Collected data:
********************

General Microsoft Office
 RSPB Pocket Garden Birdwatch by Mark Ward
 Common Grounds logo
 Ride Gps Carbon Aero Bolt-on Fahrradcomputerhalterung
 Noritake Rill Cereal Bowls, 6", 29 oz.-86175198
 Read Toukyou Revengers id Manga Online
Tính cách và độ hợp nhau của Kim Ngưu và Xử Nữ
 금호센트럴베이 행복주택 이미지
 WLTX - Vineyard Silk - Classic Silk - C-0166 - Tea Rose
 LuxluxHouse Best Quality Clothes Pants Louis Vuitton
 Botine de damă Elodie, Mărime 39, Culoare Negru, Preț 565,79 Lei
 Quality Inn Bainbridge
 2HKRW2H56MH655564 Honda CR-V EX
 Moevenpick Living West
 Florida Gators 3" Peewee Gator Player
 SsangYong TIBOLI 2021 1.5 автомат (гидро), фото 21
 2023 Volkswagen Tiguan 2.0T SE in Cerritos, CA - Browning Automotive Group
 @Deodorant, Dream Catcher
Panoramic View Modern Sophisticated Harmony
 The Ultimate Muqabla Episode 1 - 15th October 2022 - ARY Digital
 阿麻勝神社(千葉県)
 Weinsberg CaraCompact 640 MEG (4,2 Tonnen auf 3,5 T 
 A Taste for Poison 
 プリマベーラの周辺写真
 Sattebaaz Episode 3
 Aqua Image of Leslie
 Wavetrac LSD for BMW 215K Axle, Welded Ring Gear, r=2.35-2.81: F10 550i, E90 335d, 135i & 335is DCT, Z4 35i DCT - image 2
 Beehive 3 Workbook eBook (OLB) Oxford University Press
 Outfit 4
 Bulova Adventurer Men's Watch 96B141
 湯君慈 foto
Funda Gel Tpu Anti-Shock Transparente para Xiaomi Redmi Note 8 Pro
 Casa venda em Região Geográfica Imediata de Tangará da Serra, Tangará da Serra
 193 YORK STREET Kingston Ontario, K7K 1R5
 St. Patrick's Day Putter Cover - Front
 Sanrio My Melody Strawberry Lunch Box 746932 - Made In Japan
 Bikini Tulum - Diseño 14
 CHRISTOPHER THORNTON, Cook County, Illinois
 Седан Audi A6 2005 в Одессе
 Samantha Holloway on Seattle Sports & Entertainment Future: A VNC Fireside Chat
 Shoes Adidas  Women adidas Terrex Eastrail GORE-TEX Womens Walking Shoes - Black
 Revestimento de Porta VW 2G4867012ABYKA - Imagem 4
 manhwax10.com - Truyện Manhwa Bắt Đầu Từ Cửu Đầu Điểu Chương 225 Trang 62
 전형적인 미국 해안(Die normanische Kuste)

********************

Would you set down, word for word, the lines from the opening of the entries above through the line with "Botine de damă", both included, and no others?

General Microsoft Office
 RSPB Pocket Garden Birdwatch by Mark Ward
 Common Grounds logo
 Ride Gps Carbon Aero Bolt-on Fahrradcomputerhalterung
 Noritake Rill Cereal Bowls, 6", 29 oz.-86175198
 Read Toukyou Revengers id Manga Online
Tính cách và độ hợp nhau của Kim Ngưu và Xử Nữ
 금호센트럴베이 행복주택 이미지
 WLTX - Vineyard Silk - Classic Silk - C-0166 - Tea Rose
 LuxluxHouse Best Quality Clothes Pants Louis Vuitton
 Botine de damă Elodie, Mărime 39, Culoare Negru, Preț 565,79 Lei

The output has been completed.